The Ghana Health Service (GHS) has flatly rejected suggestions that political rallies are responsible for the recent spikes in the country’s COVID-19 cases.
Addressing a press conference on Wednesday, the Director-General of the GHS, Dr. Patrick Kuma Aboagye, said scientific data does not support such assertions.
“For the rallies, it’s about science and data, and there’s no evidence that any rally has led to an outbreak, but even in all that, if the rallies were causing the outbreaks, the rallies don’t only occur in Accra because the larger rallies occur outside Accra, and we’re not seeing any outbreaks there, but that is not to say that we’re not being cautious.”
It comes after concerns were raised about the onset of a possible second wave of Covid-19 cases when the number of new infections saw a surge about a month ago, eroding the strides made by the country in the past.
Some medical experts had expressed fears that with political rallies heightening in many parts of the country, these mass gatherings could be panaceas for a boost in the COVID-19 numbers.
The Ghana Medical Association (GMA) warned of a potential hike in cases of the disease as political campaigns intensify ahead of the December 7 elections.
Its General Secretary, Dr.
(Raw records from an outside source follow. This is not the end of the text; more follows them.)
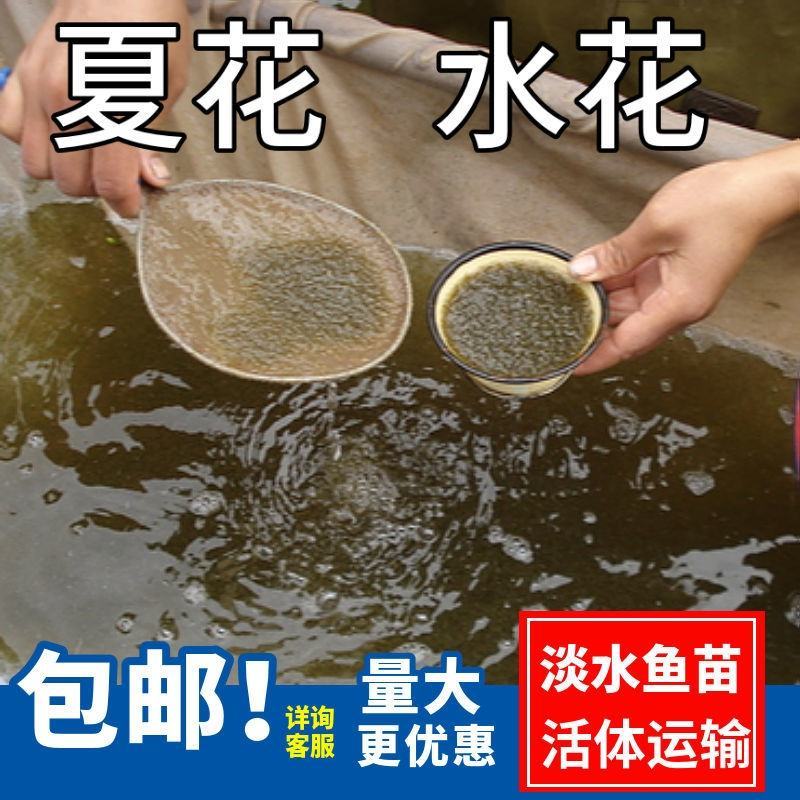 基地直供螺丝青魚苗长得快螺丝鱼苗黑鲩鱼苗螺狮青鱼水花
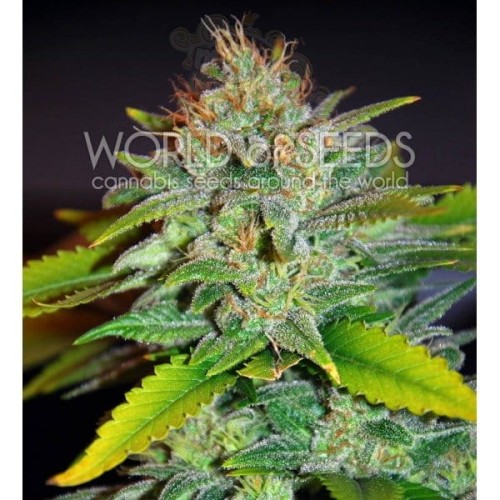 WORLD OF SEEDS - Skunk 47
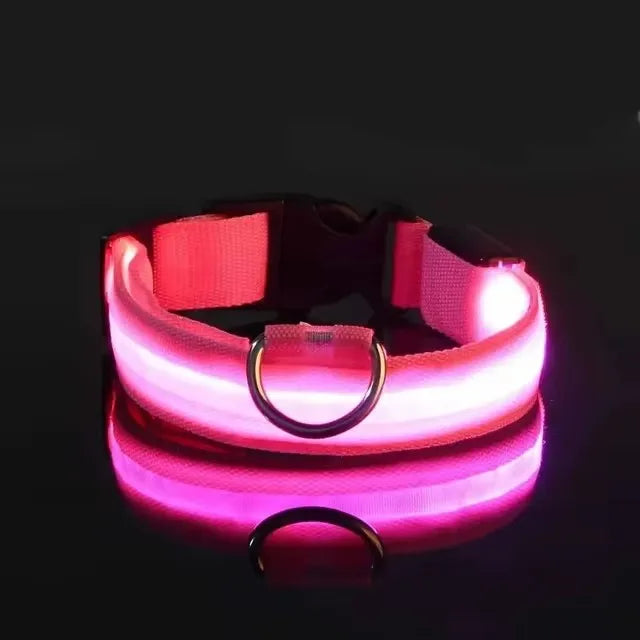 BOOTEELY Nylon LED Night Safety Flashing Glow In The Dark Dog Leash Dogs Luminous Fluorescent Pet Dog Collar
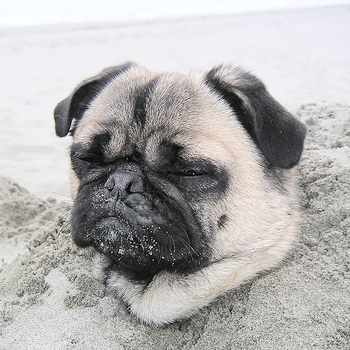 ancient pug pug ancient pug pug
Justice Yankson believed the rallies undertaken by the major parties had the potential of accelerating the spread of the infections.
But the Ghana Health Service disagrees.
“We’re still talking to people about the use of masks, and we’ve explained to the parties that they should encourage the use of masks. Because it’s an open space, ventilation is ok, and the virus doesn’t do well in such an environment.
“Of course after the event, people will move into small spaces, and that changes the dynamics and, so, people must still wear the mask for protection at all places. There are riskier areas…so it’s the enclosed areas that we must be more careful about,” Director-General of the GHS, Dr. Patrick Kuma Aboagye said.